===== Record extracts
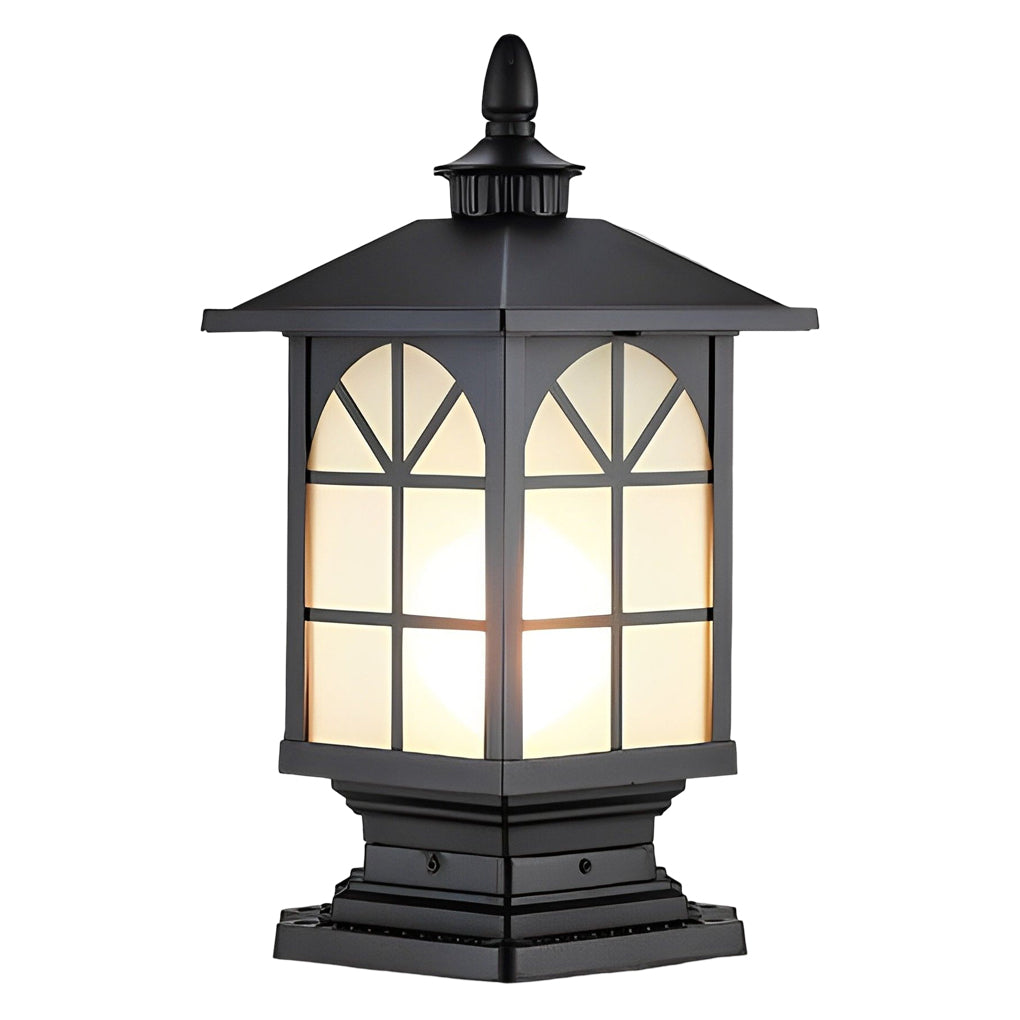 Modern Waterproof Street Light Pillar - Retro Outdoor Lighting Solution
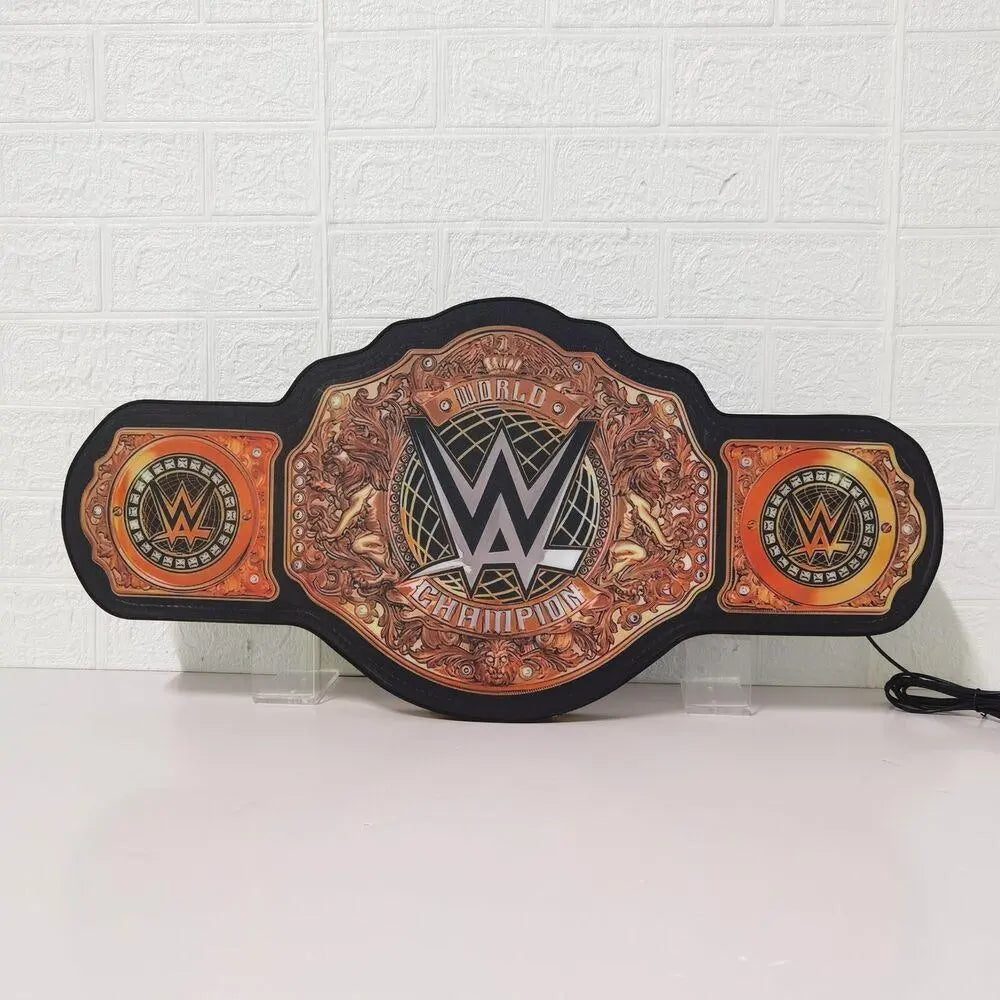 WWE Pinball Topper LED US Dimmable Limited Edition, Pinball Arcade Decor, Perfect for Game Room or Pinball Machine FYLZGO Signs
==========
===== Record extracts
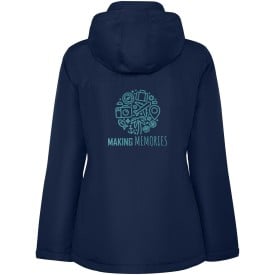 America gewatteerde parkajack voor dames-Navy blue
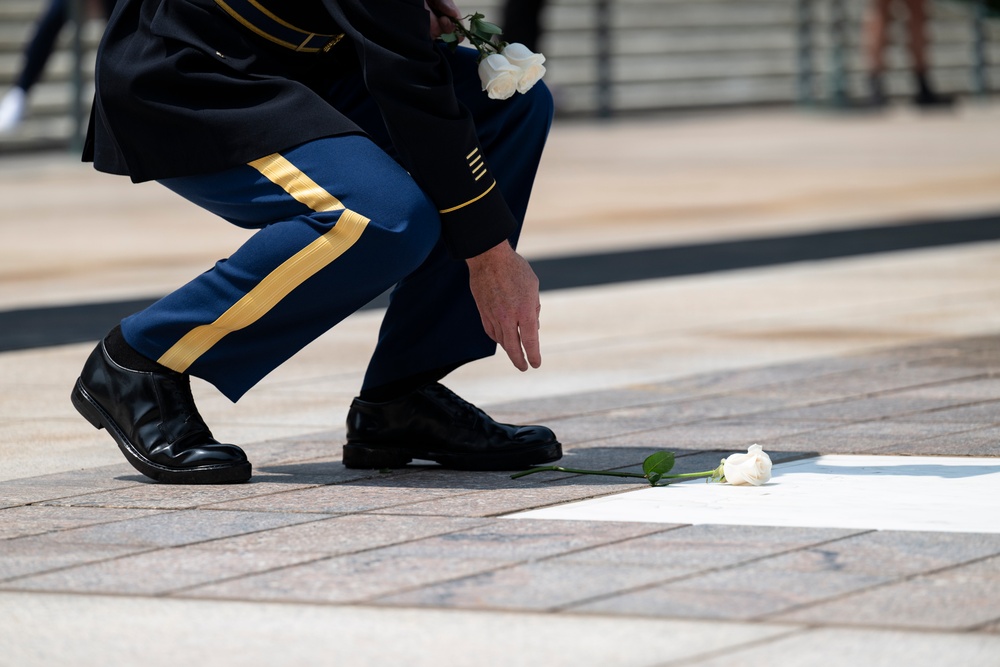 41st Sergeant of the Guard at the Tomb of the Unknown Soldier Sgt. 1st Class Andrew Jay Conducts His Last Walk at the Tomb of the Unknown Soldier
==========
**Task description**
Word for word, retype the lines in the entries above that run from the one with "America gewatteerde parkajack" through the one with "41st Sergeant of". Both ends count; pictures do not.

**Result**
 America gewatteerde parkajack voor dames-Navy blue
 41st Sergeant of the Guard at the Tomb of the Unknown Soldier Sgt. 1st Class Andrew Jay Conducts His Last Walk at the Tomb of the Unknown Soldier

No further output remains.